I struggled into my adulthood and tried to make humans my savior.  It never worked, of course.  I was invited to a Bible study and it changed my life.  I could not get enough of studying God's Word.  I found love and it was the real deal.  The Bible speaks about a peace washing over you and your life being changed.  I cannot even tell you how much truth that is.  I fell in love with my real Savior and life has never been the same.  I made a choice.  I was an injured child, but I did not have to be a bleeding adult. 

Yes, I still struggle from time to time, but I now lean on my sweet Jesus for comfort.  I have learned that people and circumstances do not get to define me.  My worth comes from the one and only Jesus Christ.

If you struggle with self worth, know that there is a love like no other who desires to fill you up with good.  He can turn your ashes into something beautiful.  Your worthlessness can turn to worthiness.  Because, regardless of what your sweet mind thinks, Jesus knows you are worth everything to Him.

Psalm 30:11
You turned my lament into dancing;
You removed my sackcloth
and clothed me with gladness,

Revelation 21:4
He will wipe away every tear from their eyes.
Death will no longer exist;
grief, crying, and pain will exist no longer,
because the previous things have passed away.

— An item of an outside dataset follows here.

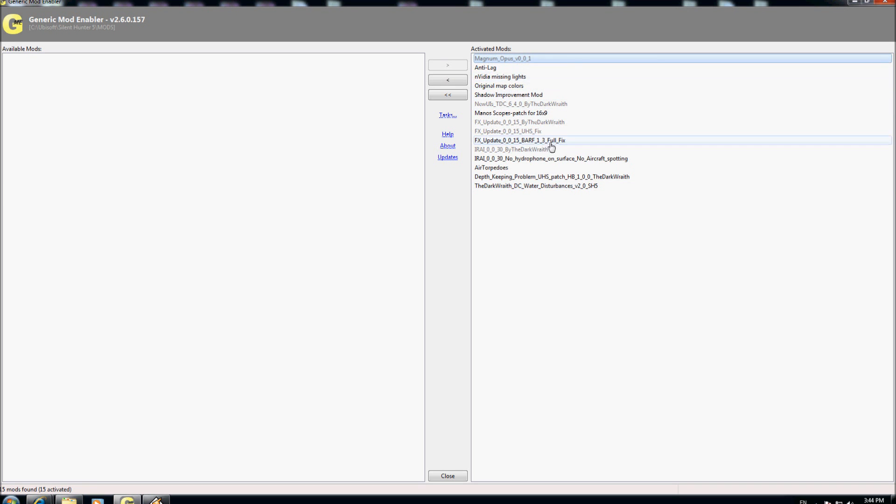Here we have Magnum Opus patch 2, anti-lag and so on. I hope this will help a lot of people that want to use the Magnum Opus. Thank you for your time and have a nice day, bye.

My babes are so precious to me but, more importantly, they are precious to God.  May they never doubt their worth.

13 comments:

  1. This post spoke deeply to me. I, too, was an injured child. I've struggled with feeling unloved...unworthy. Even today, I often look at my amazing husband and wonder, 'how could he love me?'

    God has bound up the wounds of my heart, but that doesn't mean the scars are gone. While I celebrate being a new creation, I don't forget all that he's delivered me from. I don't think we are meant to forget that. The scripture tells us to remember how the Lord delivered us from bondage.

    You are a beautiful soul and I am truly glad God brought out paths together.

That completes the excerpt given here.